Most of the Mahomedans of Amarapoora, so far as they know anything about the
matter, are Soonnis ; but there are some Sheeas, and these have an Imambara for the deposit of the Tazeeas, or gay shrines, carried about by that sect on their great festival of the Mohurrum.
Every indigenous Mussulman has two names. Like the Irishman's dog, though his true name is Turk he is always called Toby. As a son of Islam he is probably Abdul Kureem ; but as a native of Burma, and for all practical purposes, he is Moung-yo or Shwepo.
In passing along the streets occupied by these people we could not have recognized
anything to distinguish them from the other Burmans, had it not been for the little naked urchins who, seeing us to be foreigners, and probably accustomed to regard most foreigners as brethren in the faith, used to run out after us merrily shouting " Salam Alikiim ! ''
Mahomedans are found sparsely in the rural districts as well as in the capital, and have occasionally their humble mosque, where five or six families are found together.
The number of their mosques in the capital has been stated to me variously from forty up to one hundred and twenty. I believe the former to be near the truth.
Most of these mosques must be very insignificant structures, but as they often closely
resemble one class of flat-roofed Burmese idol-houses, they may easily be passed without notice. The largest mosque is a brick building of considerable size in the main street of the western suburb.
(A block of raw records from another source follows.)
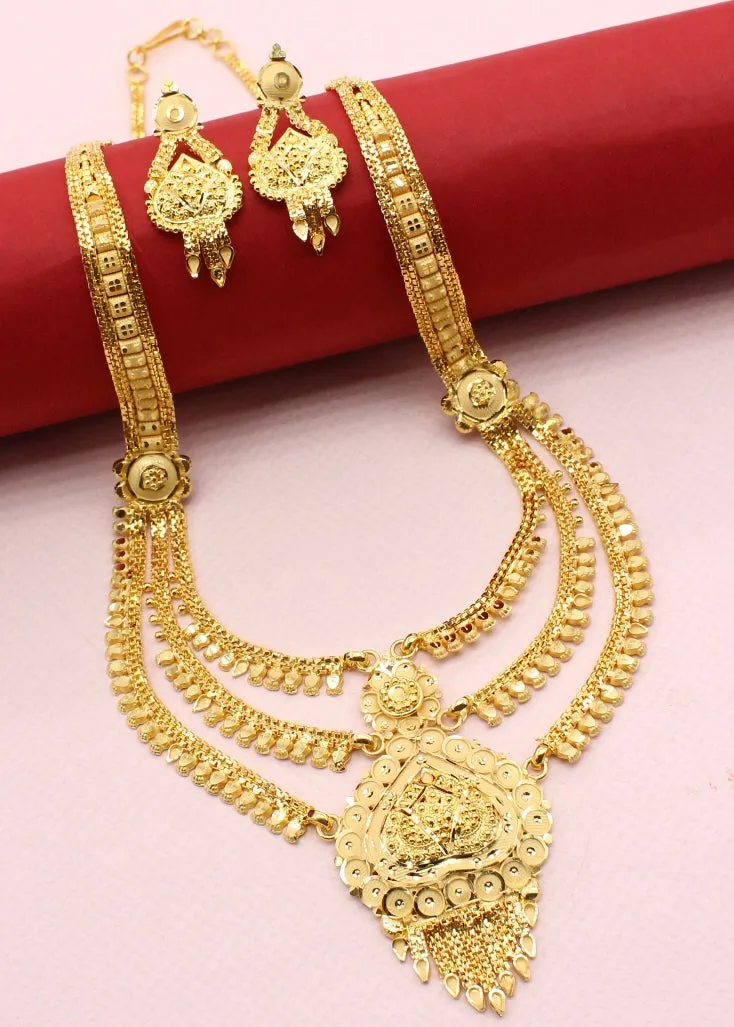 CAPTIVATING GOLD PLATED NECKLACE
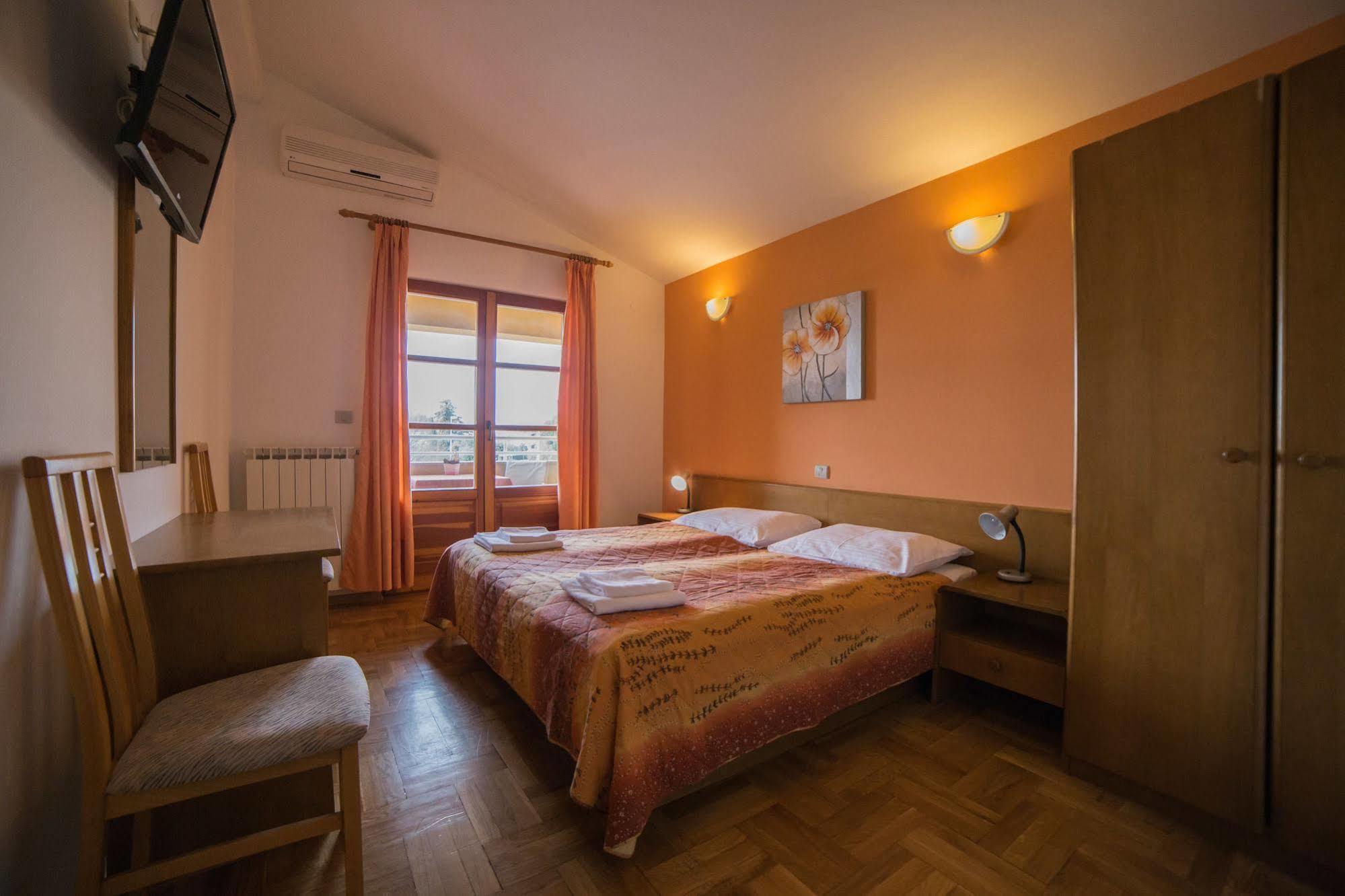 Pansion Valbruna Rovinj Exterior photo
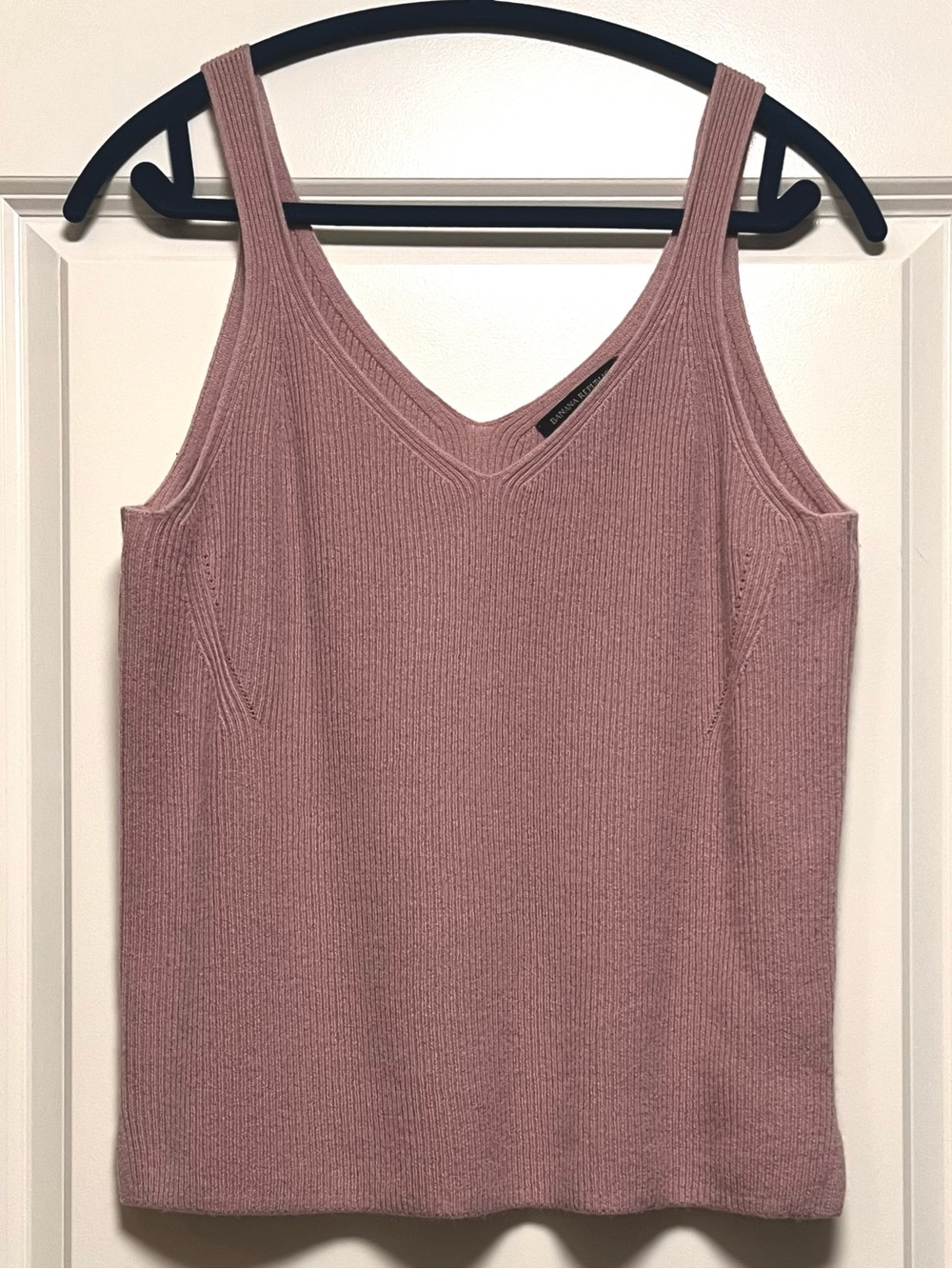 EUC Banana Republic 100% Cashmere V Neck Sweater Tank Quiet Luxury Dusty Rose M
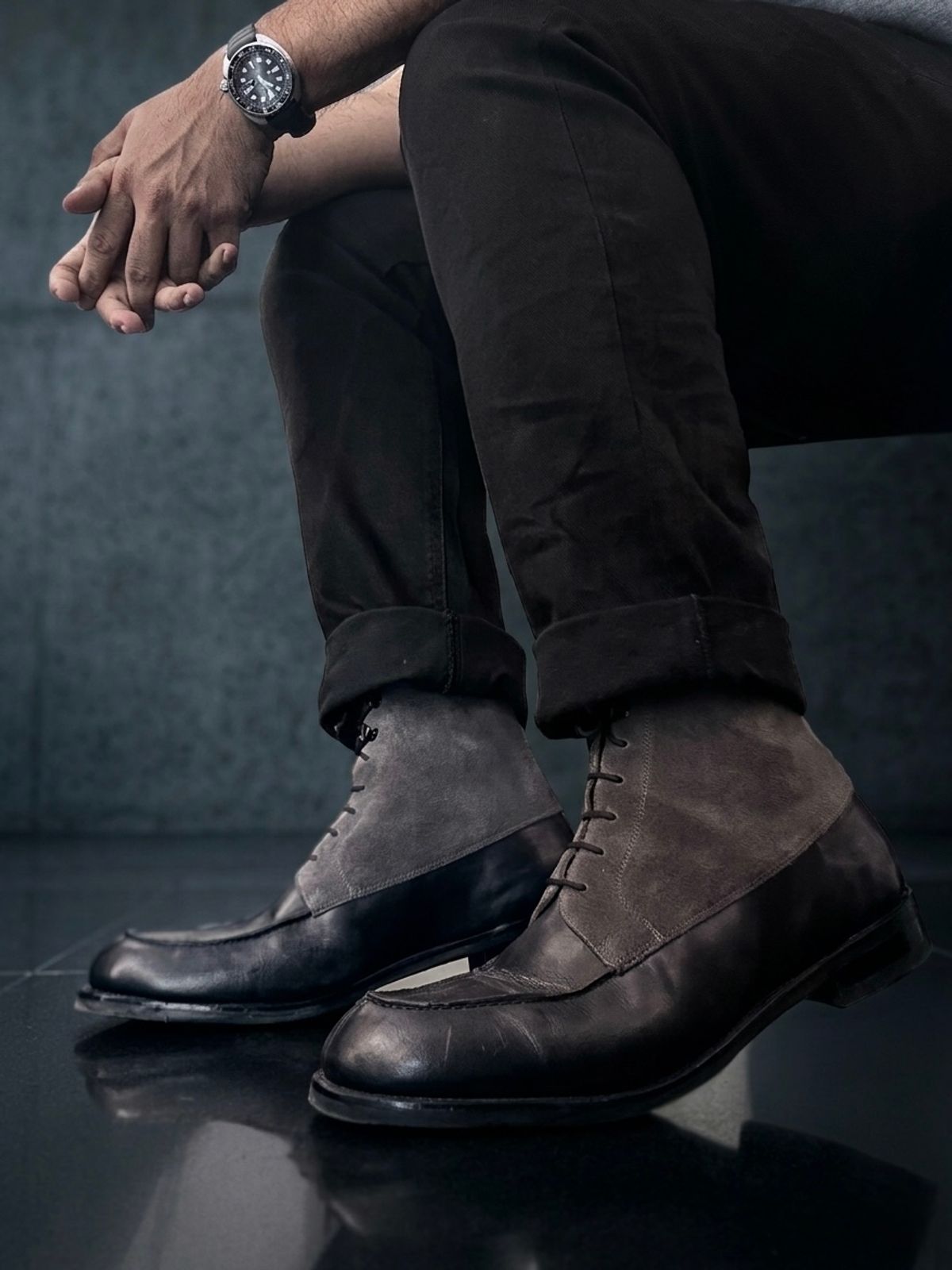 Photo by vishhh on April 4, 2026 of the Bridlen Moc Boots in C.F. Stead Fossil Suede & Black Museum Calf.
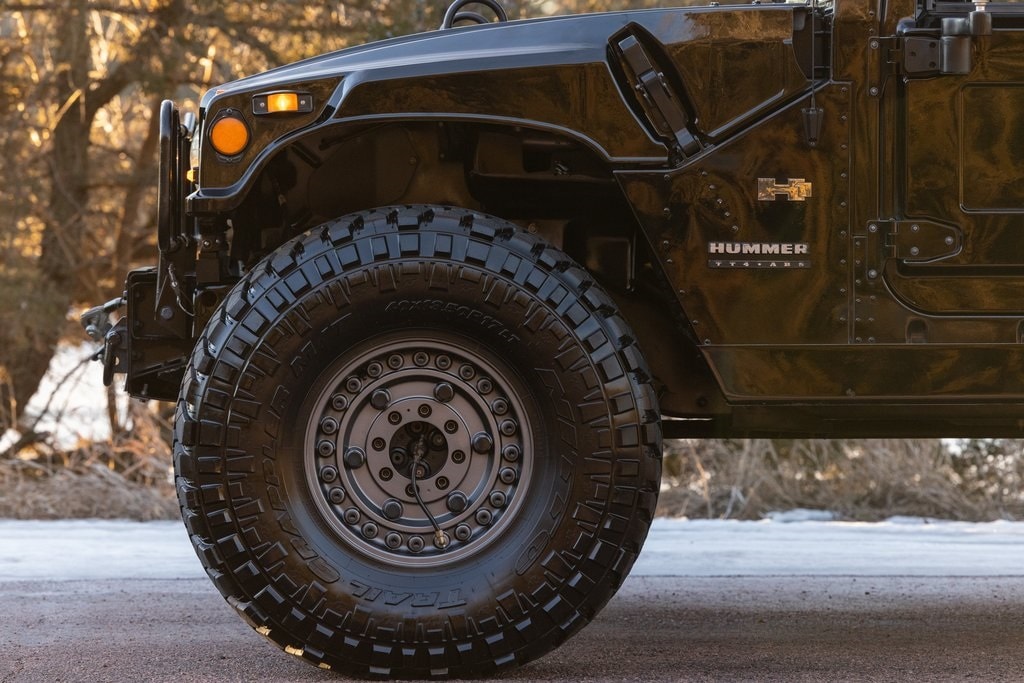 Sold: 1999 Hummer H1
With its detached minar it forms a very curious and tasteful adapta- tion of Burmese architecture to a foreign worship, showing a good deal of variation from the usual details in bolder and more relieved scroll-work, &c, but all very successfully executed in plaster. Internally the building is a square hall, the roof being supported by numerous timber pillars. The usual niches at the Kibla end of the building are adorned with mirror and gilding, in something of the Burmese style. The top of the minar is a beautiful canopy of carved teak, shaped like an imperial crown. Beside it stands a high mast, intended probably for illumination, but bearing a considerable resemblance to the sacred flagstaves of the Buddhists, and evidently the result of a hankering after pagan
adornments.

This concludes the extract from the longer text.